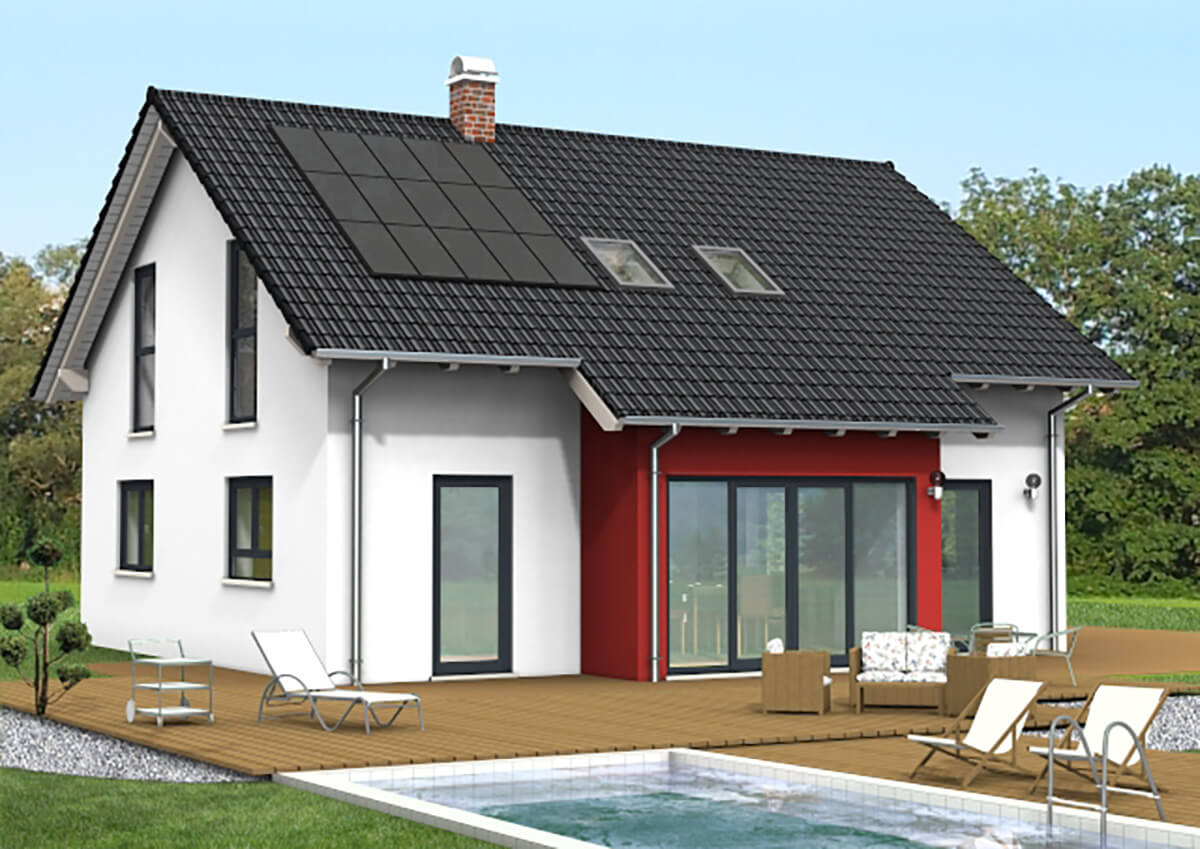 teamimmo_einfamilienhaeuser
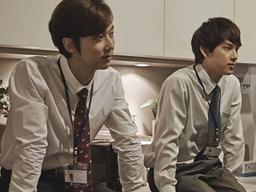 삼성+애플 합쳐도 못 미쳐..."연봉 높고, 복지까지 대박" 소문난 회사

********

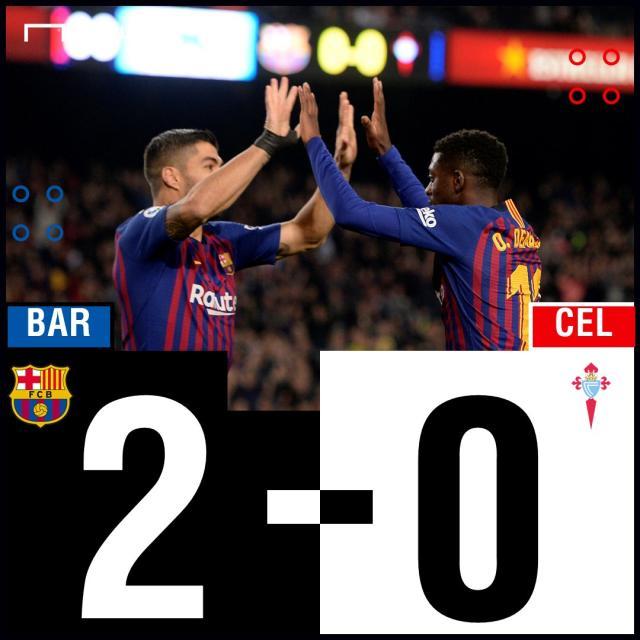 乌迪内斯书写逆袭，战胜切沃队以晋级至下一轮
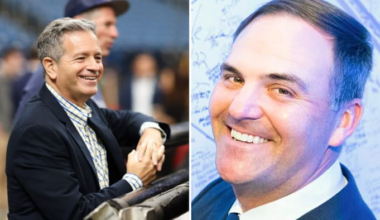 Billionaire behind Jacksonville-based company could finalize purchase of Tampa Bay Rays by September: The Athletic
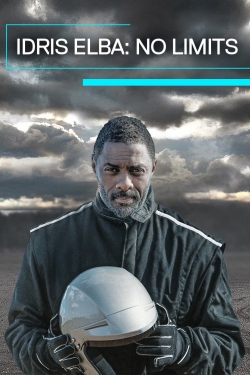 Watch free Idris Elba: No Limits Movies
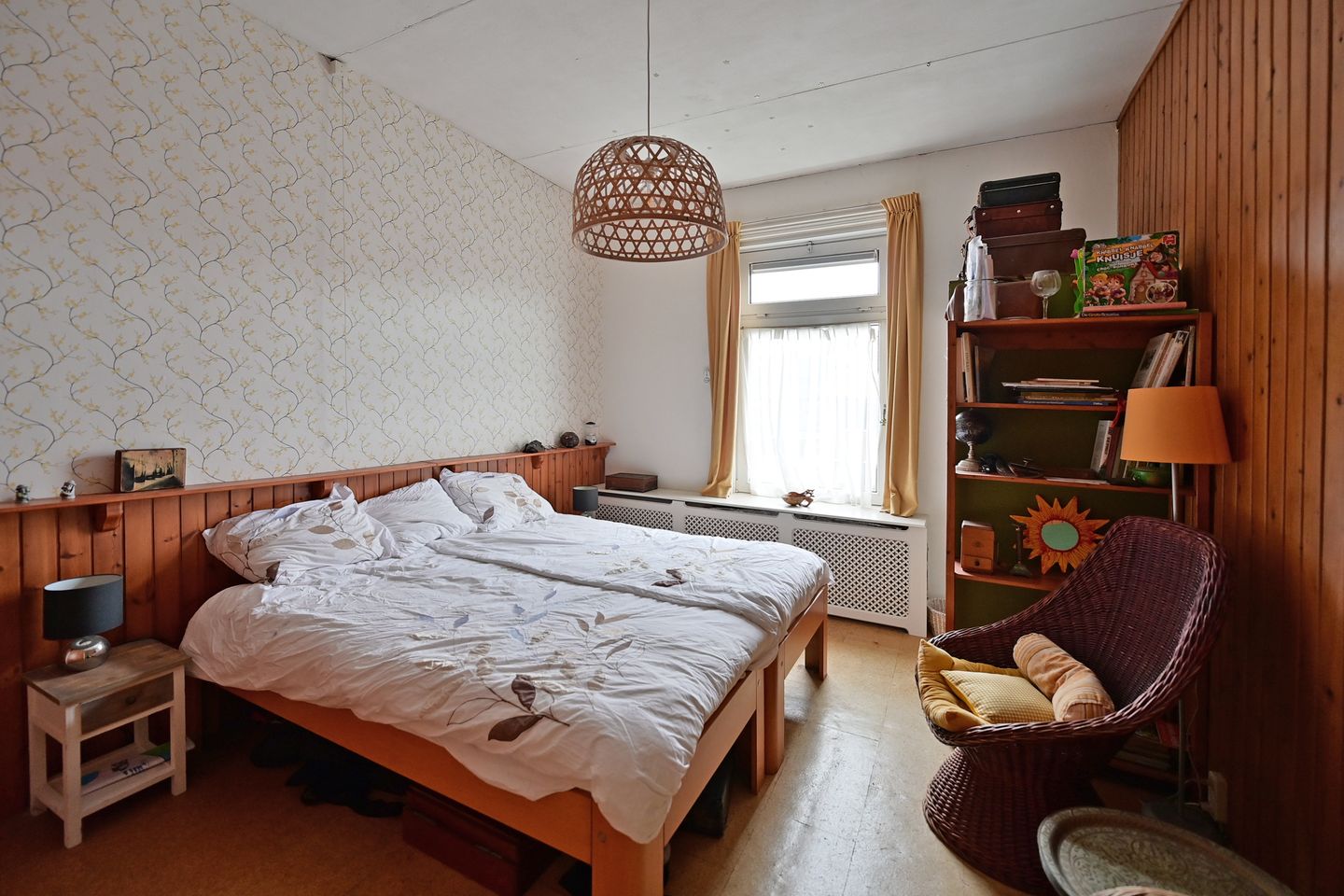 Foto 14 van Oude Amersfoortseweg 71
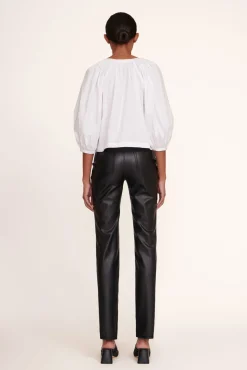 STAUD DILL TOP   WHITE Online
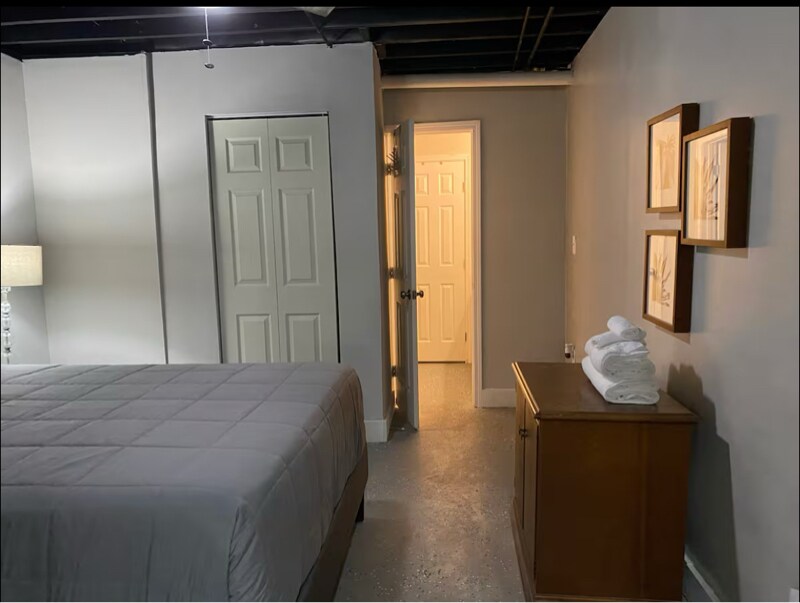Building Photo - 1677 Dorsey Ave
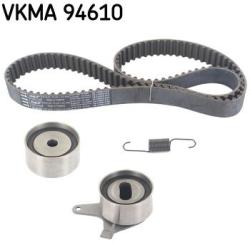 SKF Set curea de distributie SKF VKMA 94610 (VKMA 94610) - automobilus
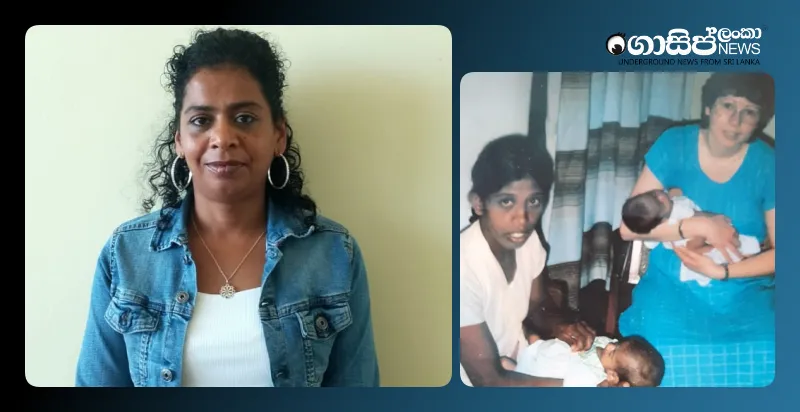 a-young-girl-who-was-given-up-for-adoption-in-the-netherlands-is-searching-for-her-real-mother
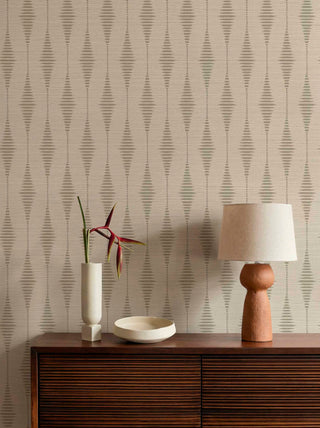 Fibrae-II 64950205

********

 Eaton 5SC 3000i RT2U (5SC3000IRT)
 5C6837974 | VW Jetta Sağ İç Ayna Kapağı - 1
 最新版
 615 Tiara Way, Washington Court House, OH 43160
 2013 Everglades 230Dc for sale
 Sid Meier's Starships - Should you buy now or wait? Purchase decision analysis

********

Using the data above, return the lines from the one holding "teamimmo_einfamilienhaeuser" through the one holding "삼성+애플 합쳐도 못" exactly, but not the pictures.

 teamimmo_einfamilienhaeuser
 삼성+애플 합쳐도 못 미쳐..."연봉 높고, 복지까지 대박" 소문난 회사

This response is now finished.